Stable disk for $N$-body simulation I want to simulate a Galaxy of $N$ particles which I have to generate first. What I have done so fare does not lead to the result I want to see. I probably did an error and don't see it. Here comes what I did:
1) Generate uniformly distributed particles inside a unit circle with mass $m_i = 1/N$:
For every point I do:
   R = 1;
   radius = R*sqrt(rand(0,1));
   phi = rand(0,2*pi);
   m = 1/N;
   x = radius*cos(phi);
   y = radius*sin(phi);

Doing that I get the following distribution:

2) Generate velocities such that the circle does not explode or implode:
I want to generate something where $F_{\text{Gravity}} = F_{\text{Centrifugal}}$
Since $F_{\text{Centrifugal}} = \frac{mv^2}{r}$ and $F_{\text{Gravity}} = G\frac{M(r) m}{r^2}$ I can equate both equations and get for the velocity $v$
$M(r)$ is the mass inside radius $r$. I can write $M_{\text{tot}} = \pi R^2$ and $M=\pi r^2$ (density $\rho=1$). From those equations I get $M(r) = \frac{r^2}{R^2} M_{\text{tot}}$. I can now put it back to $v$ and get:
$v = \sqrt{\frac{Gr^2M_{\text{tot}}}{rR^2}}$
Since $M_{\text{tot}} = G = R = 1$ I get:
$v = \sqrt{r}$
So, for every point I do:
   velocity = sqrt(radius);
   v_x = -velocity*sin(phi);
   v_y = velocity*cos(phi);

Then I get the following result:




Ok, it seems that the circle explodes somehow. Particles from the center move outwards. Is my calculation for $v$ wrong, or does it simply not work for my purpose?
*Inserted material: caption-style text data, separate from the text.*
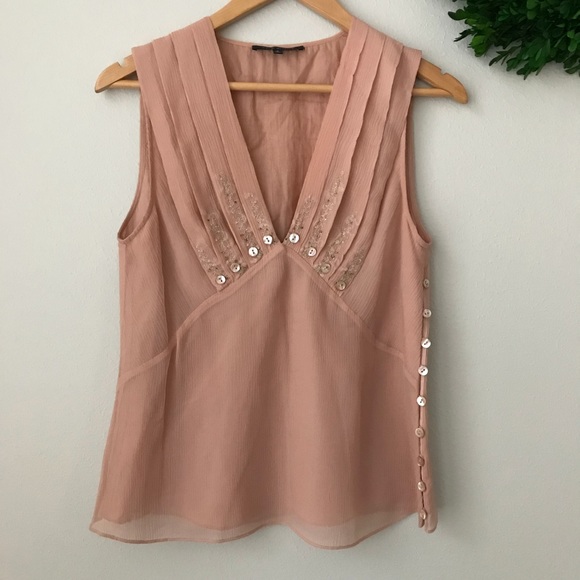 David Meister Tops - 🏝• David Meister • Silk Crepe Blush Top Sz 8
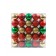 50Pk 75Mm Plastic Ornaments -Gold/Red/Green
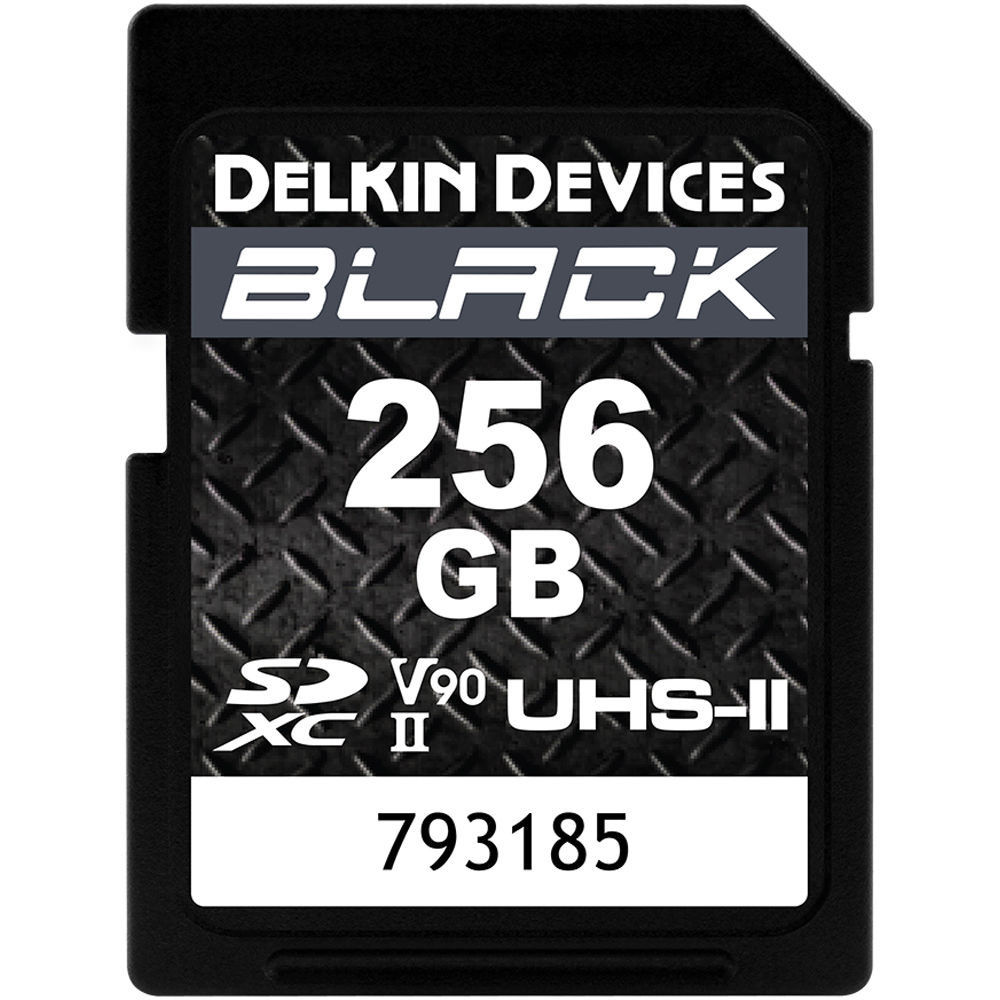 Delkin 256GB BLACK SDXC UHS-II V90 U3 Class 10 Card, 300MB/s read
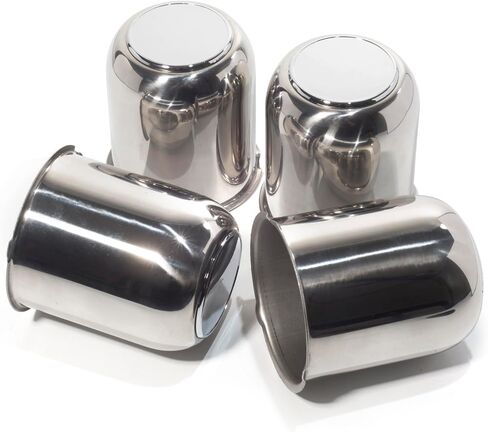 4 قطع أغطية مركزية لعجلة المقطورة مقاس 3.19 بوصة تُدفع من خلال أغطية محور من الفولاذ المقاوم للصدأ لحافة عجلة الشاحنة SUV RV، كروم مع غطاء عجلة علوي أسود (يناسب تجويف 3.19 بوصة، طول 3.62 بوصة) in Kuwait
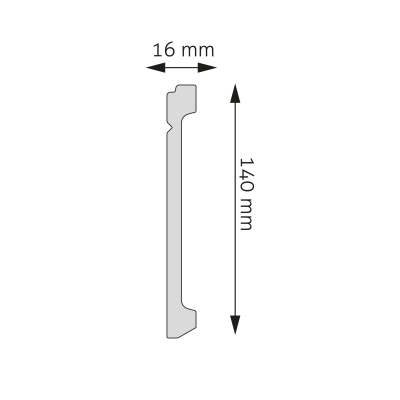 Zdjęcie Wymiarów Wysoka Nowoczesna Listwa Przypodłogowa 13,8cm do Malowania LPC-30 Creativa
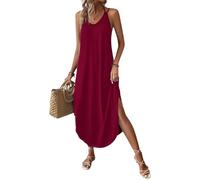 Chicrise Femme Maxi Robe Longue avec Fente Robe D'été Col V sans Manches Robe Femme Chic Et Elegant Rouge 3X Grand 56-60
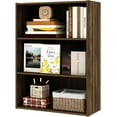 thumbnail image 6 of 3 Tier Engineered Wood Modern Bookshelf, Wooden Book Shelf with Three Display Shelves, Open Shelf Bookcase for Bedroom, Living Room, Dark Brown, 6 of 6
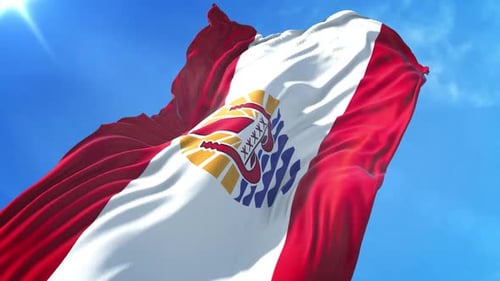 Realistic French Polynesia Flag Waving in Blue Sky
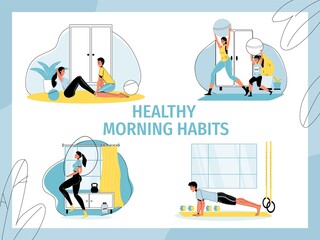 Healthy morning habits set. People enjoy active lifestyle. Mother daughter, man, woman, young couple together training do aerobics exercise, pump muscle, jump rope at home indoors. Daily routine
Do I need another velocity distribution? In the end, for large $t$, I can't see any spiral arms forming or any other structure. I tried $N=4000$ and $N=50000$. Do I need more particles? Did I something wrong?
 A: Your logic is correct, including the choice of tangential velocity as
 x = r*cos(phi);
 y = r*sin(phi);
 vx=-v*sin(phi);
 vy= v*cos(phi);

Where you (tried to) set v in centrifugal balance. However, the gravitational attraction of a disc is different from that of a sphere, in particular your assumption that the acceleration equals GM(r)/r^2 is wrong. The best way to find the correct form is to obtain the forces from your N-body model and take the azimuthal average of the radial acceleration in radial bins. Your initial model should satisfy the virial theorem, I.e. the kinetic energy should be -0.5 times the gravitational energy.
But how did you compute the forces and how did you integrate the equations of motion? You should avoid the exact N-body forces, because these diverge at close encounters and instead use softened forces. You essentially add for each particle-particle interaction a constant vertical offset h, the softening length. Set this to about 0.1 times the radius.
The time integration is best done using the leapfrog integrator. For example
for(I:particles)
    I.vel += 0.5*tau*I.acc
    I.pos += tau*I.vel
time += tau
compute_accelerations(particles);
for(I:particles)
    I.vel += 0.5*tau*I.acc

to integrate one time step of length tau. Of course, you must compute the initial accelerations before the first step. The step size tau should be small enough for the total energy to be conserved by one part in 1000 or better.